Je me suis récemment posée cette question devant l’évolution des messages sur l’alimentation. Avec la tendance “écologique” qui se fait de plus en plus jour, l’urgence de changer nos habitudes, de réduire les émissions de CO2 etc. j’entends de plus en plus souvent un message totalement inattendu par rapport à l’histoire de nos cultures : réduisez votre consommation de viande. Partant de cet effet de surprise, pourrait-on à l’extrême devenir végétarien sans risque pour notre santé ?

1. Être végétarien, qu’est ce que cela implique dans la pratique ?

Être végétarien, cela veut dire ne plus manger de viande, ni de poisson. Certains conservent les crustacés, d’autres non, mais tout le monde est d’accord sur le point que viande et poisson : non. Alors, est-ce difficile ? A la maison, pas vraiment, si vous gérez les courses ou pouvez influer sur les menus, pas de souci ! Le seul problème que vous allez rencontrer est : le restaurant. Beaucoup de restaurants ne proposent pas le moindre plat chaud sans viande ni poisson. Sélectionner un restaurant, nécessitera que vous étudiez la carte à l’avance ou bien que vous expliquiez au serveur votre problème. Avec de la diplomatie, rien n’est impossible. Au pire, invoquez une raison médicale (conseil : dites que vous avez une insuffisance rénale et que vous ne pouvez pas manger de viande ni poisson, ce qui est partiellement vrai), a priori le serveur ne cherchera pas plus loin, si c’est médical, il ne peut pas vraiment vous condamner…

2. Je ne risque pas d’avoir des carences si je deviens végétarien ?

Sur ce point, je dois dire qu’il y a divergence entre mes cours et ce qui semble être dans la réalité. Nos livres de cours, relativement simplifiés pour notre compréhension, ne sont pas très détaillés sur l’alimentation. Le problème, étant que par la suite, peu de médecins s’y intéressent spontanément, ils vont donc garder les a priori qu’ils ont eu par le biais de leurs cours, sans chercher plus loin. En conséquence, bon nombre de médecins pensent qu’une alimentation végétarienne = carences multiples… et bon nombre de citoyens, pensent la même chose !

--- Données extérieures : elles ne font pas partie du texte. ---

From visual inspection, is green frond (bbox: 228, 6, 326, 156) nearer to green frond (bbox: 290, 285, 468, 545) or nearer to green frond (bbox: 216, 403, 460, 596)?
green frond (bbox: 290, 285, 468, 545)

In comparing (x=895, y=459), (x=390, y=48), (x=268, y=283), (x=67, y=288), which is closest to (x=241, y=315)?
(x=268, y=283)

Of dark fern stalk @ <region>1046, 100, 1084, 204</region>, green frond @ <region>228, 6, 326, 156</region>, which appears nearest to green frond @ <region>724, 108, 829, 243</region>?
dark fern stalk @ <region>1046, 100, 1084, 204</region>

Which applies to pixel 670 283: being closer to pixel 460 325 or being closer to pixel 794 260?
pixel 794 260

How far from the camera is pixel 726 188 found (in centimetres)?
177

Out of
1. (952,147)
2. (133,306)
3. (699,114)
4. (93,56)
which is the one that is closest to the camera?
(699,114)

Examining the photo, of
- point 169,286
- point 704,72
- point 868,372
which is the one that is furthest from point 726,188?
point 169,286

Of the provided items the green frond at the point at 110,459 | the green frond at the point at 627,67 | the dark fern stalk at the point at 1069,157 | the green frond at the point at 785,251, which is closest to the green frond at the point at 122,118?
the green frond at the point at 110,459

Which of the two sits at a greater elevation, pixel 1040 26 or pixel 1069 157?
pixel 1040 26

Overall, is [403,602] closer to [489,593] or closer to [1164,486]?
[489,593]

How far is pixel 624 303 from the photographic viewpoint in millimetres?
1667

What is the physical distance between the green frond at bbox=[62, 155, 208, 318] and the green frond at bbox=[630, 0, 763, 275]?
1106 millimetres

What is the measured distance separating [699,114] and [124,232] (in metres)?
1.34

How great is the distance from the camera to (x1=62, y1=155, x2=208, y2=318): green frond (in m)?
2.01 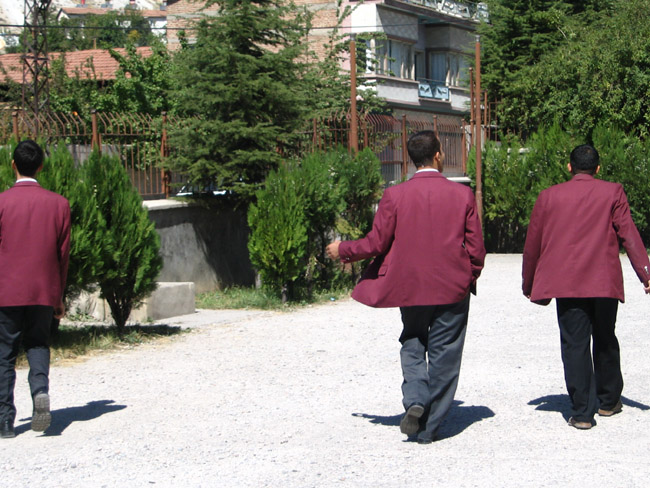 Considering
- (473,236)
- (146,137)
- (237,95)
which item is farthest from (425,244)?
(146,137)

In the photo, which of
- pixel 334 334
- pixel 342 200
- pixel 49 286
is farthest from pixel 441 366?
pixel 342 200

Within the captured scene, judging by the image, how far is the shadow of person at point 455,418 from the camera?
20.1 feet

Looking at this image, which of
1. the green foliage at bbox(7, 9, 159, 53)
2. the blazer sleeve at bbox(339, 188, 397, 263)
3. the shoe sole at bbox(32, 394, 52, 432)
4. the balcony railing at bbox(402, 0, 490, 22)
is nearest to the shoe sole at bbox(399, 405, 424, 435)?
the blazer sleeve at bbox(339, 188, 397, 263)

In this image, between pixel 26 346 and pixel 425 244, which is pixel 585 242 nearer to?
pixel 425 244

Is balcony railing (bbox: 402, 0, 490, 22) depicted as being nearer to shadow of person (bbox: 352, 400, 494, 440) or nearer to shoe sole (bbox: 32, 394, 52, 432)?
shadow of person (bbox: 352, 400, 494, 440)

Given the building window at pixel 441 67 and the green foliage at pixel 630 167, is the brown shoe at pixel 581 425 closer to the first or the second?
the green foliage at pixel 630 167

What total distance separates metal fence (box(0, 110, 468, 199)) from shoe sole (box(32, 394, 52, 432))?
481 centimetres

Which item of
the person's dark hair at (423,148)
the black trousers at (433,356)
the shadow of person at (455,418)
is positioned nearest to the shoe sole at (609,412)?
the shadow of person at (455,418)

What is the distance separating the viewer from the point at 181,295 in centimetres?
1234

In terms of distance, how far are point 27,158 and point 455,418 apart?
3.37 m

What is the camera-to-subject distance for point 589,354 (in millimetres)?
6223

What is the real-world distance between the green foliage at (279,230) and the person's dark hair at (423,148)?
6.88 metres

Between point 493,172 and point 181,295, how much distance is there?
11.5 metres

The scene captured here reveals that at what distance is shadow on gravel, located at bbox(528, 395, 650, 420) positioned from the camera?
21.9 feet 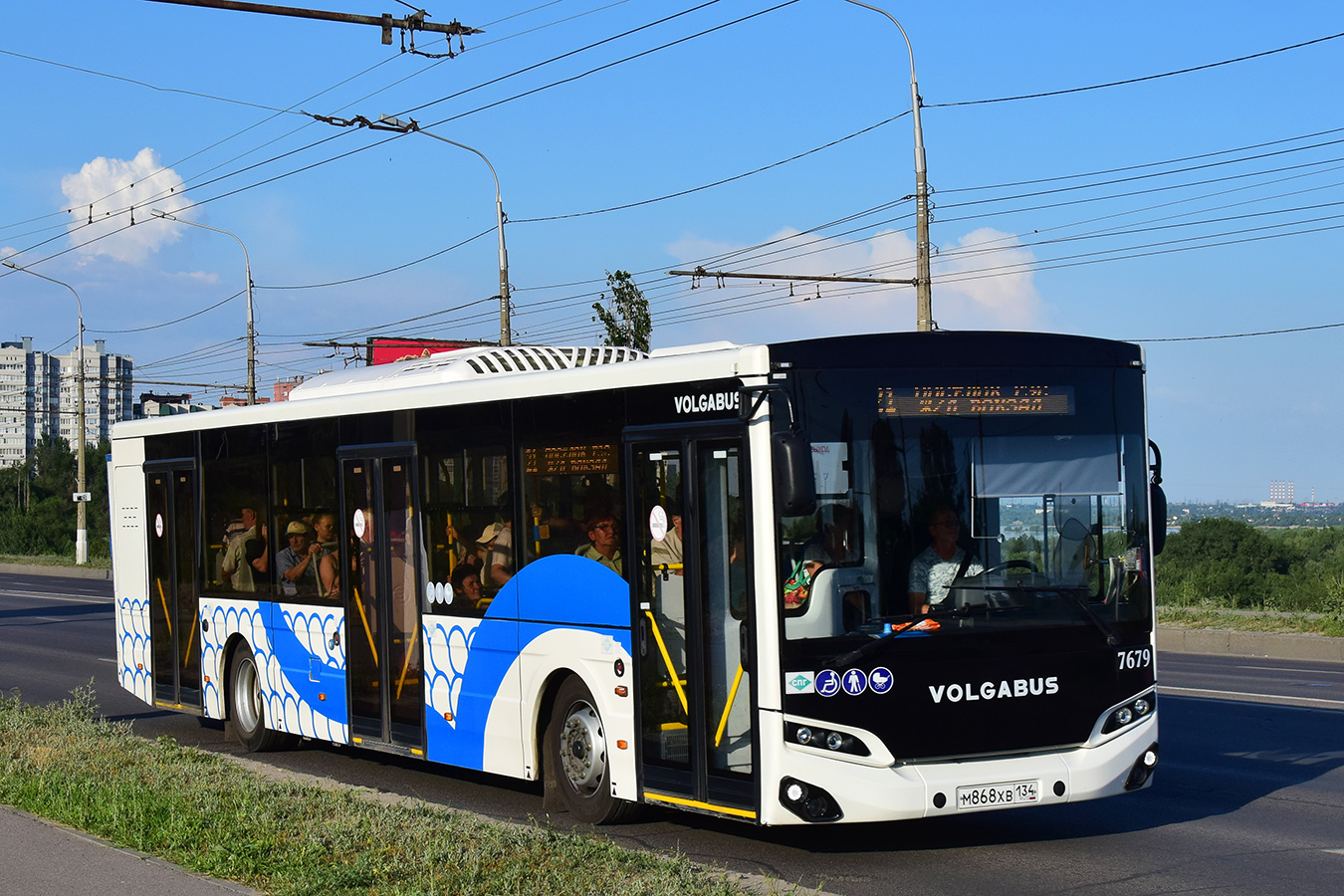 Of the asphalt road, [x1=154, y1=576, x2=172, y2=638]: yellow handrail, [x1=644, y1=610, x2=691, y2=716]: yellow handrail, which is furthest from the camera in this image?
[x1=154, y1=576, x2=172, y2=638]: yellow handrail

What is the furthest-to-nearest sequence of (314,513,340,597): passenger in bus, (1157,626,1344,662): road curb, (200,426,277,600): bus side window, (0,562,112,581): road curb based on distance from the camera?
(0,562,112,581): road curb → (1157,626,1344,662): road curb → (200,426,277,600): bus side window → (314,513,340,597): passenger in bus

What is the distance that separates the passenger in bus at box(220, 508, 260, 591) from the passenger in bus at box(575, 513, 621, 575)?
4712 mm

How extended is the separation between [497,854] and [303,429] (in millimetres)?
5726

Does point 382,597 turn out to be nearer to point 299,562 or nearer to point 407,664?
point 407,664

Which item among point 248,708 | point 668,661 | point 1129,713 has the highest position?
point 668,661

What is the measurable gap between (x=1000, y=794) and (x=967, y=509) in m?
1.46

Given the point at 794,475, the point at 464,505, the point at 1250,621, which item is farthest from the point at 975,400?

Être végétarien n’entraine pas de carences en quoi que ce soit… si vous avez pris soin d’apprendre quelques règles de base : savoir ce qu’on mange et comment remplacer ce qu’on ne mange plus. En pratique, ce n’est pas si compliqué.

Première erreur à ne pas faire : ne pas remplacer ce qu’on ne mange plus !

Si vous décidez de tenter cette expérience d’arrêter de manger viande et poisson, il va falloir remplacer les protéines animales que vous n’avez plus, par des protéines végétales tout simplement. Et sans le savoir, ces protéines végétales, vous les consommez déjà, sans savoir qui elles sont. Il y a donc des repas où sans le savoir vous mangez des protéines végétales + animales, ce qui ne présente pas un grand intérêt pour votre corps, voire peut fatiguer vos organes à la longue.

Les protéines végétales sont les légumineuses. Il s’agit de toutes les plantes comestibles pour lesquelles le fruit est enveloppé dans une coque, telles que les lentilles, pois chiche, haricots, flageolets, petits pois, fève, soja. Peut-être en appréciez-vous déjà quelques unes. Dans la cuisine végétarienne, les viandes et poissons sont donc remplacées par ces produits et les différentes variétés disponibles sont loin de limiter les créations culinaires. De même les céréales (riz, blé, seigle, orge etc.) contiennent également des protéines végétales, vous avez donc l’embarras du choix.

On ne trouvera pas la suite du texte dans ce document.